Un camión demasiado pequeño

El acto discurría plácidamente y con la mayor cordialidad hasta que, de pronto, el personal del museo dijo que se acababa de recibir una llamada urgente de la policía diciendo que por Battery Park -al sur de Manhattan- había estallado un transformador, lo que estaba provocando una reacción en cadena que poco a poco iba subiendo hacia la zona media de Manhattan -donde se encuentra el museo-, por lo que se preveía que en poco tiempo el colapso del tráfico sería total. Recomendaban la salida inmediata del cuadro y de sus acompañantes hacia el aeropuerto para embarcar a tiempo.
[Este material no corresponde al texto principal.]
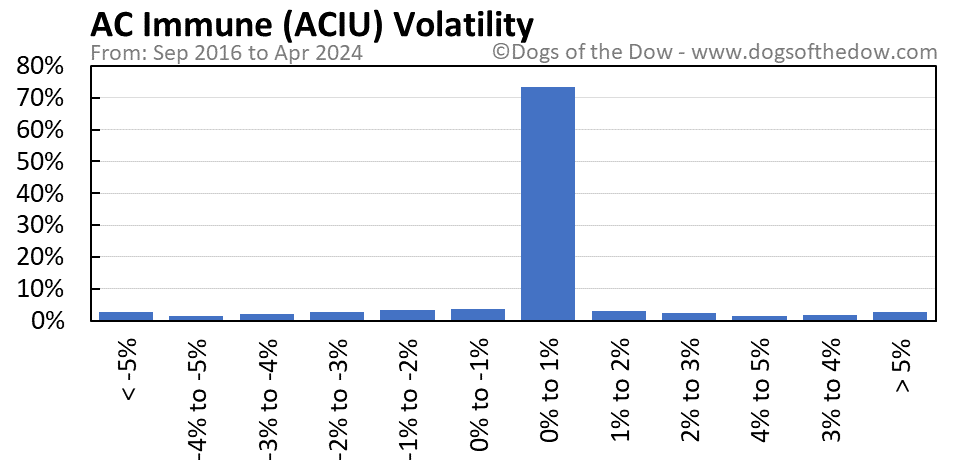 ACIU volatility chart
Al oír esto, instintivamente miré hacia abajo, a un patio central, para ver si salía el camión con el cuadro. La escena que contemplé era surrealista. Para proteger al máximo la obra, el cuadro se había enrollado a lo ancho del mismo. Pero alguien, al encargar el camión de transporte a la compañía SIT -que luego subcontrató con una empresa americana- debió de calcular la caja del camión de marras por la altura del cuadro y no por su anchura. El resultado fue que por la parte trasera de la caja del camión, que tuvo que dejarse abierta, sobresalía la caja del valioso cuadro de Picasso en, al menos, dos metros. ¡Era como la cola de una gallina! Y de esa guisa salió hacia el aeropuerto.

Mientras yo me dirigía apresuradamente al Consulado para, entre otras cosas, expedir algunos visados a algunos periodistas norteamericanos que los habían implorado para poder volar con el cuadro y cubrir la llegada a Madrid. Y así lo hicieron.

Antes y después del traslado, la pregunta más frecuente que me hicieron los periodistas -los americanos en especial- fue la del valor en que el Gobierno español había asegurado el cuadro para el viaje. Había que ver la cara de asombro de aquellos que preguntaban cuando les decía que "cero dólares", y luego les aclaraba que la política inveterada de las autoridades españolas era, y sigue siendo, que el Estado se asegura a sí mismo. Y para ello había mandado un grupo de operaciones especiales. Con lo que se quedaban un poco más tranquilos.

Luego supe que, con el barullo que se formó en Barajas a la llegada del avión de Nueva York con el cuadro, a primera hora del jueves 10 de septiembre de 1981, hubo gente que ni siquiera pasó por el control de pasaportes.

Yo sí que pasé por casa y me tomé unas cuantas copas, hasta que me serené.